### WORK TO COMPLETE:
The required output is a verbatim transcription of the listing, pictures excluded.

### DATA SHOWN:
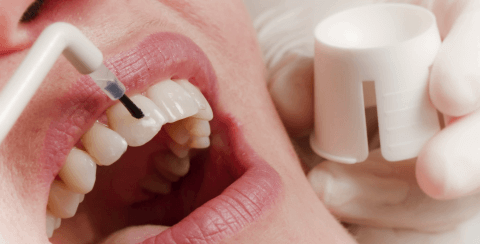 глубокое фторирование зубов
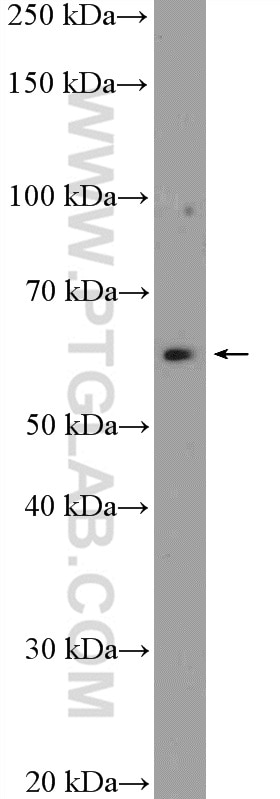 WB analysis of mouse brain using 11945-1-AP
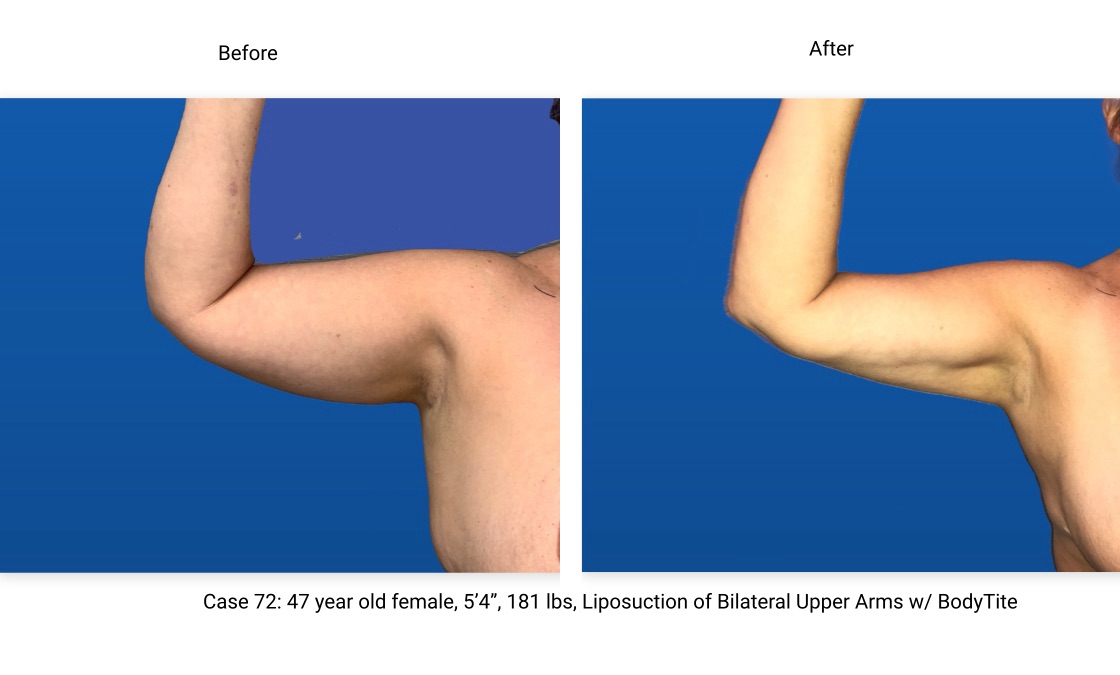 Case 72 Liposuction BodyTite Right Arm Front View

### RESPONSE TO THIS TASK:
 глубокое фторирование зубов
 WB analysis of mouse brain using 11945-1-AP
 Case 72 Liposuction BodyTite Right Arm Front View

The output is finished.